### Task to carry out
Return each record shown below exactly, with none omitted.
|---|
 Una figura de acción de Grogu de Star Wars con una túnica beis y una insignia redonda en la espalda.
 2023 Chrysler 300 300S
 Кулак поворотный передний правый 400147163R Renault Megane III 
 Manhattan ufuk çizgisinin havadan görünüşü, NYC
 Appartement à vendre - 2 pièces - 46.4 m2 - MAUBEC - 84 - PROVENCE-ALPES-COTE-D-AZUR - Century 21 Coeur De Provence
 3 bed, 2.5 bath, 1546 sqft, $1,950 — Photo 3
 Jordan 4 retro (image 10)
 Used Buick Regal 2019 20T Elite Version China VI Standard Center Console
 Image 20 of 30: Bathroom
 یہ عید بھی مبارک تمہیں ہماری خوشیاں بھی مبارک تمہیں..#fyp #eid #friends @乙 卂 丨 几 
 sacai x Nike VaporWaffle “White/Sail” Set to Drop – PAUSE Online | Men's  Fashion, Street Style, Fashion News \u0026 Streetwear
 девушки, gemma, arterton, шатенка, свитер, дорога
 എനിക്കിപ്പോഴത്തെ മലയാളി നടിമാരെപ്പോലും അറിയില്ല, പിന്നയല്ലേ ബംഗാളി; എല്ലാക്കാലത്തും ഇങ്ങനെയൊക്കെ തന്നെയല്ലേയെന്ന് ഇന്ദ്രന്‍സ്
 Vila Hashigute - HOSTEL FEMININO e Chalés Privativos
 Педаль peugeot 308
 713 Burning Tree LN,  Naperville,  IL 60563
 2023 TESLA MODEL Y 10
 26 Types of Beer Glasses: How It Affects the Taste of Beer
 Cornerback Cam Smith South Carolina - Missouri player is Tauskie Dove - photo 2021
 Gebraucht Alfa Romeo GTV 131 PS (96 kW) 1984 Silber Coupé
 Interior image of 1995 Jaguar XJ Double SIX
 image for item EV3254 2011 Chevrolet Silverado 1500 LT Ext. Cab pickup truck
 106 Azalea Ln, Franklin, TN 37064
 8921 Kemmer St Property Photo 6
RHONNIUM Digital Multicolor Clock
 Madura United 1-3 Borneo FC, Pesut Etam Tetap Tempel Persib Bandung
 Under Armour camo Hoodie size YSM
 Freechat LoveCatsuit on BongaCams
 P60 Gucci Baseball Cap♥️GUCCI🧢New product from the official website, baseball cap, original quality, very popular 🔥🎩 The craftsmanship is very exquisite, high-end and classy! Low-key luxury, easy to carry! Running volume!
|---|
### Task response
 Una figura de acción de Grogu de Star Wars con una túnica beis y una insignia redonda en la espalda.
 2023 Chrysler 300 300S
 Кулак поворотный передний правый 400147163R Renault Megane III 
 Manhattan ufuk çizgisinin havadan görünüşü, NYC
 Appartement à vendre - 2 pièces - 46.4 m2 - MAUBEC - 84 - PROVENCE-ALPES-COTE-D-AZUR - Century 21 Coeur De Provence
 3 bed, 2.5 bath, 1546 sqft, $1,950 — Photo 3
 Jordan 4 retro (image 10)
 Used Buick Regal 2019 20T Elite Version China VI Standard Center Console
 Image 20 of 30: Bathroom
 یہ عید بھی مبارک تمہیں ہماری خوشیاں بھی مبارک تمہیں..#fyp #eid #friends @乙 卂 丨 几 
 sacai x Nike VaporWaffle “White/Sail” Set to Drop – PAUSE Online | Men's  Fashion, Street Style, Fashion News \u0026 Streetwear
 девушки, gemma, arterton, шатенка, свитер, дорога
 എനിക്കിപ്പോഴത്തെ മലയാളി നടിമാരെപ്പോലും അറിയില്ല, പിന്നയല്ലേ ബംഗാളി; എല്ലാക്കാലത്തും ഇങ്ങനെയൊക്കെ തന്നെയല്ലേയെന്ന് ഇന്ദ്രന്‍സ്
 Vila Hashigute - HOSTEL FEMININO e Chalés Privativos
 Педаль peugeot 308
 713 Burning Tree LN,  Naperville,  IL 60563
 2023 TESLA MODEL Y 10
 26 Types of Beer Glasses: How It Affects the Taste of Beer
 Cornerback Cam Smith South Carolina - Missouri player is Tauskie Dove - photo 2021
 Gebraucht Alfa Romeo GTV 131 PS (96 kW) 1984 Silber Coupé
 Interior image of 1995 Jaguar XJ Double SIX
 image for item EV3254 2011 Chevrolet Silverado 1500 LT Ext. Cab pickup truck
 106 Azalea Ln, Franklin, TN 37064
 8921 Kemmer St Property Photo 6
RHONNIUM Digital Multicolor Clock
 Madura United 1-3 Borneo FC, Pesut Etam Tetap Tempel Persib Bandung
 Under Armour camo Hoodie size YSM
 Freechat LoveCatsuit on BongaCams
 P60 Gucci Baseball Cap♥️GUCCI🧢New product from the official website, baseball cap, original quality, very popular 🔥🎩 The craftsmanship is very exquisite, high-end and classy! Low-key luxury, easy to carry! Running volume!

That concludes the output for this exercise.